No deja de haber algo engañosamente tranquilizador en la noción de que Guerrero vive una "crisis".
En imaginar que el transcurso de su normalidad ha topado de pronto con un trance o desequilibrio, en concebir la tragedia de Iguala como una anomalía sin paralelo, en representar la violencia contra los estudiantes de Ayotzinapa como un punto de quiebre a partir del cual las cosas tendrán que ser distintas.
Es engañosamente tranquilizador porque plantearlo en esos términos supone que estamos ante la insólita desestabilización de una entidad pacífica y en orden, que lo ocurrido el 26 de septiembre constituye un caso excepcional y que hay razones fundadas para creer que, de aquí en adelante, algo va a cambiar. Y es que no, no es así. Ni la historia de Guerrero, ni la actualidad mexicana, ni el porvenir que anticipa la respuesta de las autoridades avalan ninguno de esos supuestos.
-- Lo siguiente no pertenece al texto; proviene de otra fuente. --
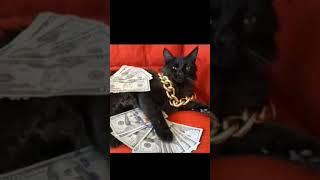 Клип от котейки / #shortvideo #рекомендации #shorts #cat #кот #котики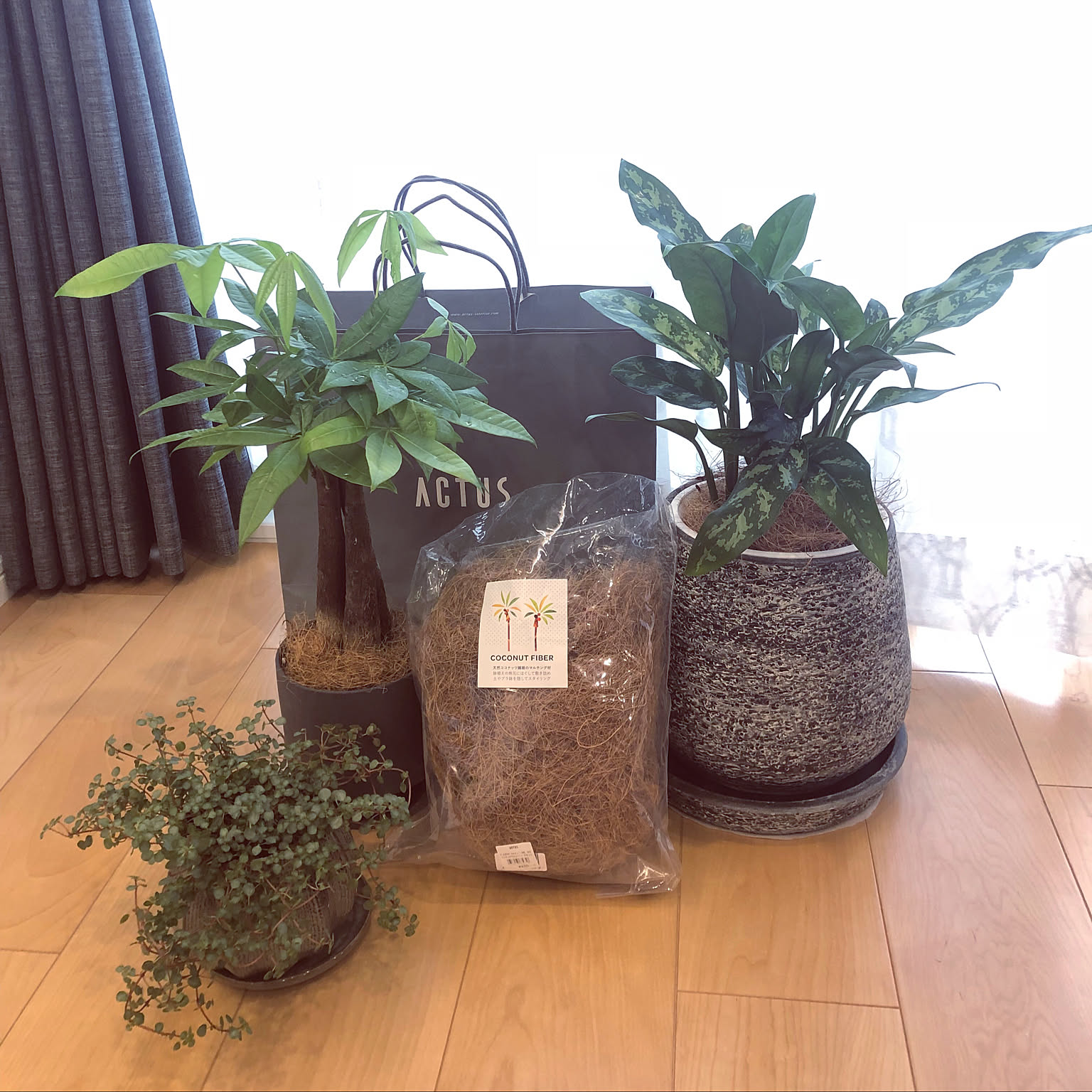 ACTUS TJS DOM IMBH20 植木鉢 &crafts フラワー・ガーデニング ACTUS TJS DOM IMBH20 植木鉢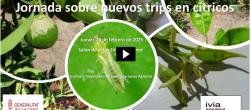 jornada nuevos trips en cítricos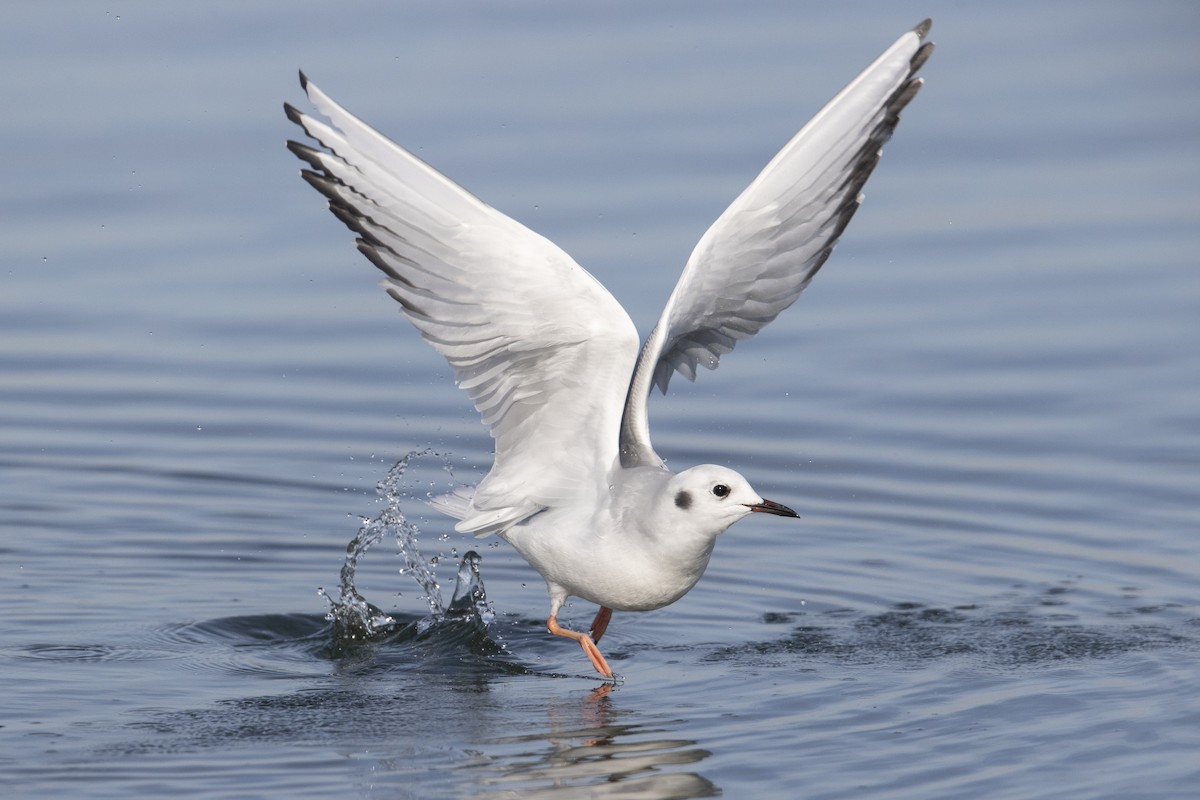 Bonaparte's Gull - ML290896411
En primer lugar porque, como supo sintetizarlo hace poco el historiador Carlos Illades (autor de una muy útil Breve historia de Guerrero, publicada por el FCE y el Colmex en 2000), "la emergencia ha sido la condición permanente del estado de Guerrero". Sea por la persistente desarticulación producto de su agreste geografía, por los profundos rezagos que ha padecido y aún padece la mayor parte de su población, o por el secular desarraigo de las instituciones estatales en su territorio, lo cierto es que la historia de Guerrero ha sido la historia de una muy conflictiva periferia en la que convergen la precariedad económica, la inestabilidad política y la movilización social. En esa tierra curtida en el fuego cruzado de múltiples arbitrariedades, de caudillos, rebeliones, caciques, guerrillas, miseria y narcotráfico, lo de Ayotzinapa es muy grave pero está lejos de ser un hecho sin precedentes.
En segundo lugar, porque entre fines de 2006 y mediados de 2014 han desaparecido más de 22 mil personas en México. Es decir, llevamos poco menos de 8 años con alrededor de 240 desaparecidos al mes, lo cual equivale a un contingente como el de los 43 normalistas de Ayotzinapa cada 6 días.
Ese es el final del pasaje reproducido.